Hotmic: Rolling Audio Buffer

LLM assistance was taken to refine this post.

I wrote hotmic, a small CLI tool that keeps a rolling microphone & system audio buffer and lets me save the last few minutes of audio on demand that works for in-person or virtual (Slack huddles, Google Meet etc.) discussions.

This is useful for moments where I realize slightly too late that something should have been recorded. These could be some good discussion in a meeting, a thought while talking to people, or some context that I want to turn into notes later.

I did not want a meeting recorder that constantly writes files. I wanted a scratch buffer. In its most basic form, it can work like below.

hotmic listen --buffer 30
hotmic save 5 --name "Weekly Review"

The first command keeps the last 30 minutes in memory. The second command saves the last 5 minutes into a timestamped directory.

There are more advanced support/capabilities (transcription, summary, diarization) that I’ll go through.

Ring buffer

The buffer starts with a small allocation and grows lazily until whatever is configured. After that it behaves like a normal ring buffer where new samples overwrite the oldest samples and no more allocations are needed.

RAM implication of buffer size and sample rate

Buffer	44100 Hz	16000 Hz
5 min	26 MB	9 MB
30 min	159 MB	58 MB
60 min	317 MB	115 MB

Command model

hotmic listen owns the microphone stream. Other commands talk to the running listener through a FIFO at /tmp/hotmic.pipe.

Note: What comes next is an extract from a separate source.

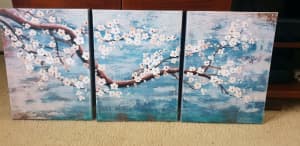 Set of 3 painted canvas artwork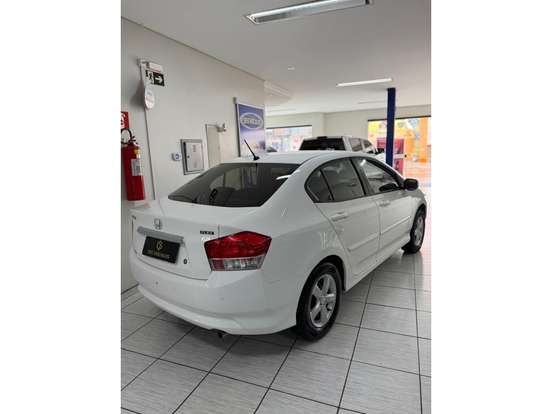 HONDA-CITY-2011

This makes it easy to wire into a hotkey daemon like skhd:

cmd + shift - s : hotmic save 5
cmd + shift - a : hotmic save
cmd + shift - m : hotmic mark
cmd + shift - p : hotmic pause
cmd + shift - r : hotmic resume

I have also setup some MacOS notification cards that pop up on top right when I make any of the hotkeys do some action just to know if they are triggered or not.

Marks

For more planned talks, it’s easier to mark “start” and “end” and only save between marks. Or just use these marks as audio bookmarks for later.

hotmic mark meeting-start
hotmic mark meeting-end
hotmic save --between-marks --name "Architecture Review"

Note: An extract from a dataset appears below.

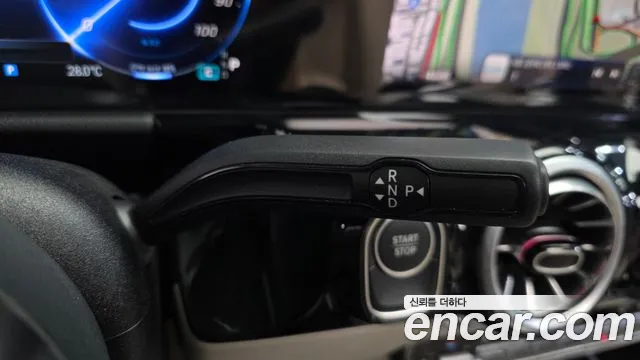 Mercedes-Benz EQA H243 — Фото автомобиля 9
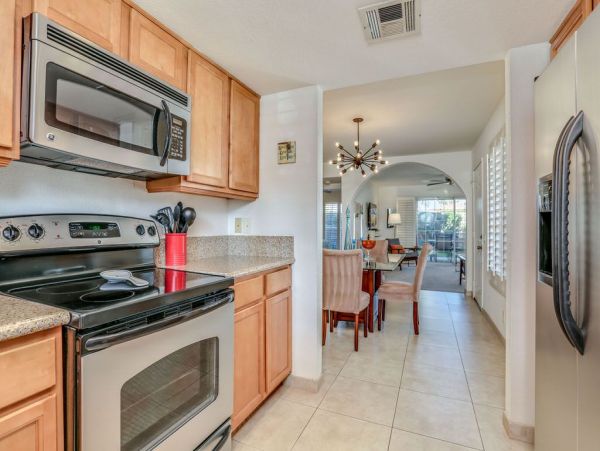Palm Springs Home 948920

Internally a mark stores the current total sample count and timestamp. When saving between marks, hotmic converts those sample-count snapshots back into a range inside the ring buffer.

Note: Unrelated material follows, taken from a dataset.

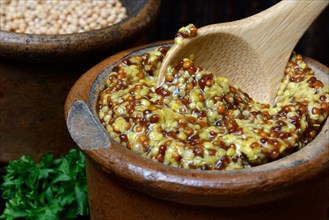 Coarse-grained Dijon mustard in pots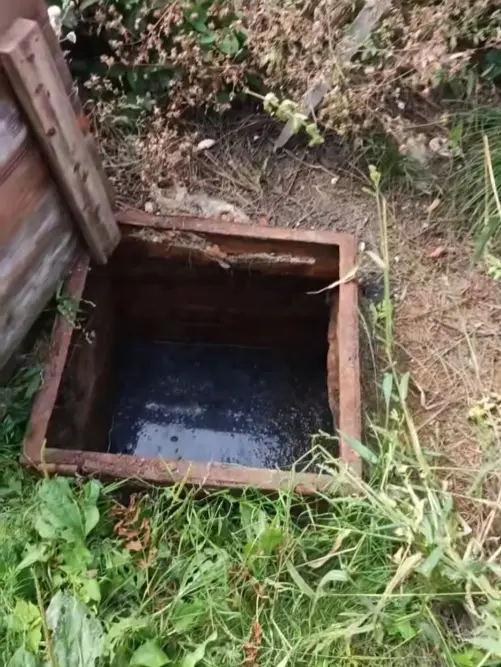 Выгребная яма во дворе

This also gives a clean failure mode. If the marked audio has already been overwritten by the rolling buffer, hotmic can say that instead of silently saving the wrong range.

System audio

For virtual meetings, along with microphone there has to be the other party audio too so I also added optional system audio capture for macOS using audiotee.

This is where tools like Granola work well without being too invasive in meeting tools but still cleanly capture meeting notes.

hotmic listen --buffer 60 --system-audio

With system audio enabled, each save writes a few files:

audio.wav         mixed mono mic + system audio
mic.wav           microphone only
system.wav        system audio only
audio_stereo.wav  mic on left, system audio on right
metadata.json

The split files are useful because different downstream tools behave better with different inputs. For quick listening, the mixed file is enough. For debugging capture quality or trying diarization/transcription, having the separate tracks is probably much better.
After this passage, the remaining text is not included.